Recently, I perused Hot (broke) Messes: How to Have your Latte and Drink It Too by Nancy Trejos.
The book is written for the 20-30something age group. It is of the genre of much powerful personal finance writing: the conversion narrative, from sin to salvation, with some backsliding. Oh wait: that's St Augustine's Confessions. The personal finance version is debt to prudence, with some backsliding, and loads of temptation along the way.
I'm definitely too old for this stuff, and I long ago made my peace with my frugality, but, as with every book, there's something good for every reader.
In the section on entertaining, the author quotes a friend who is a "frugalicious foodie." First under the principles of frugal entertaining is Burn Your Cookbooks. This is a ridiculous way to introduce a good point:
Don't look at a recipe and create a shopping list of items you won't use again.There is probably a lot you can do with what you already have...

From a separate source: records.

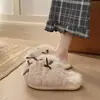 Suaves pantuflas de pompón con lazo para mujer, nuevo estilo otoño/invierno, populares para usar en interiores y exteriores, cálidas, antideslizantes y con diseño de punta cerrada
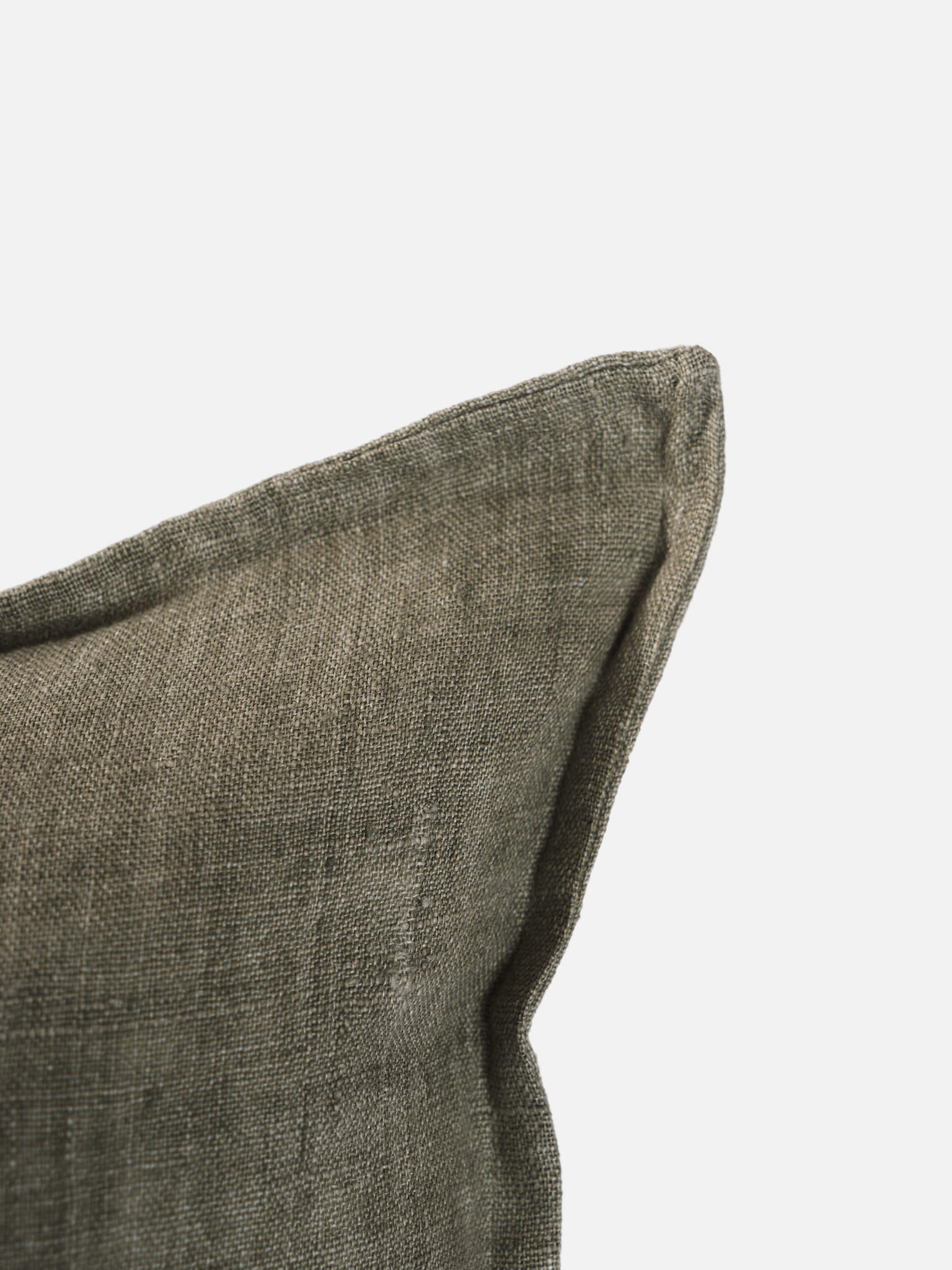 cuscino decorativo color verde salvia lino naturale dettaglio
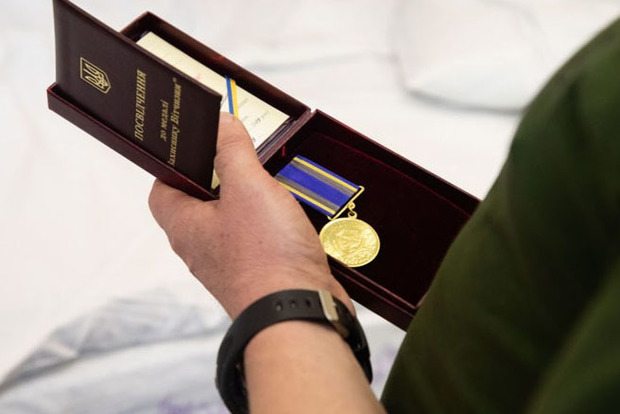 Порошенко навестил раненых «Черных запорожцев» и вручил им награды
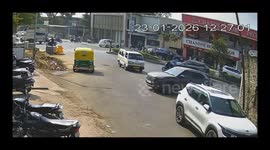 Ahmedabad: AMTS Bus Ploughs Into School Van, Auto and Tempo Near Gota Ceramic Market; CCTV Captures Shocking Crash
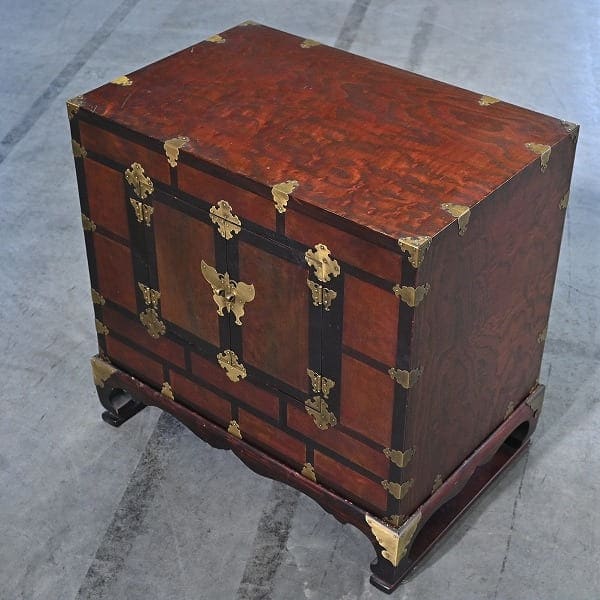 Vintage Schrank im koreanischen Joseon-Stil aus Zelkovenholz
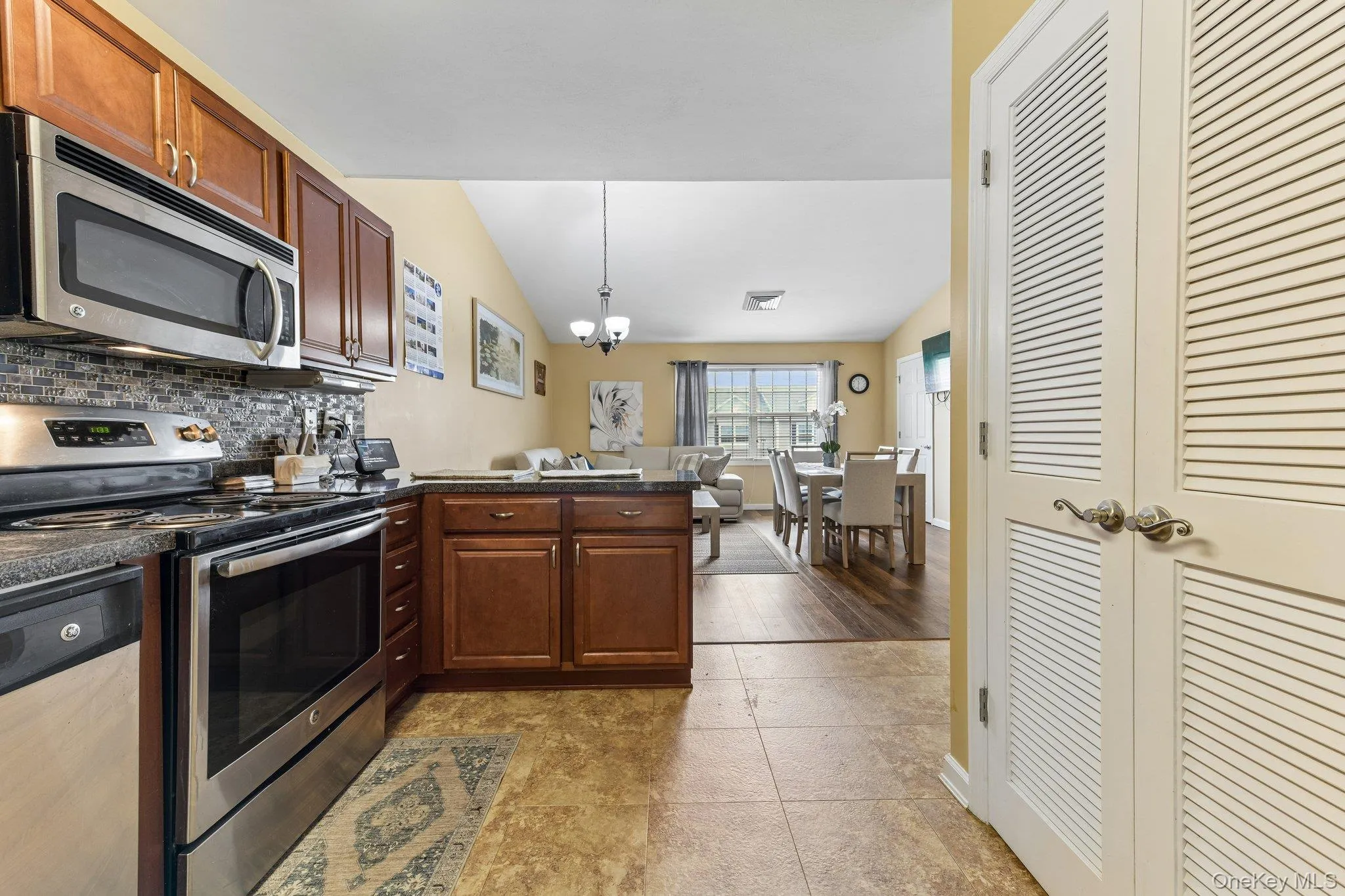 1120 Willow Lane, Hempstead, NY, 2 Bedrooms Bedrooms, ,2 BathroomsBathrooms,Residential,For Rent,Willow,0,1021041 1120 Willow Lane, Hempstead, NY, 2 Bedrooms Bedrooms, ,2 BathroomsBathrooms,Residential,For Rent,Willow,0,1021041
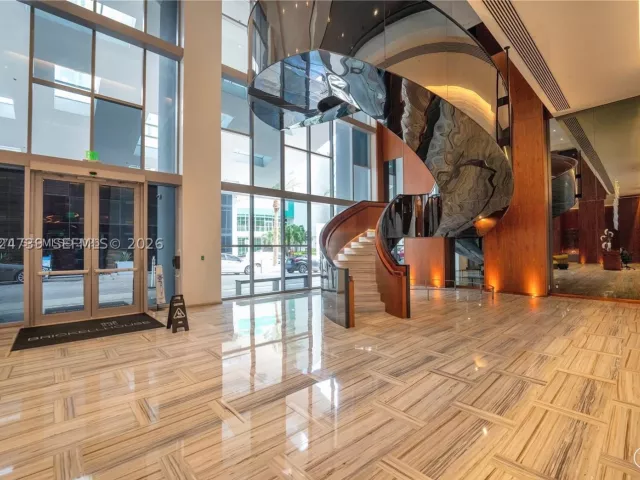 1-bedroom condo for rent in Miami - 1300 Brickell Bay Dr 1007 - MondialRealty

Good point! Years ago, I almost had a heart attack when a Wall Street Journal columnist wrote about how he made the spice blend garam masala for an Indian dish and spent $20.00 on the spices. The recipe called for under a teaspoon. Really, I almost had heart palpitations, especially because I knew what garam masala is composed of. Poor Jeff (that is his name): he probably had most of the spices in his kitchen, PLUS, you can buy a blend.
So, use what you have. You can search for recipes online by listing your ingredients. Good things come up.
What have you made from your fridge or pantry stash lately?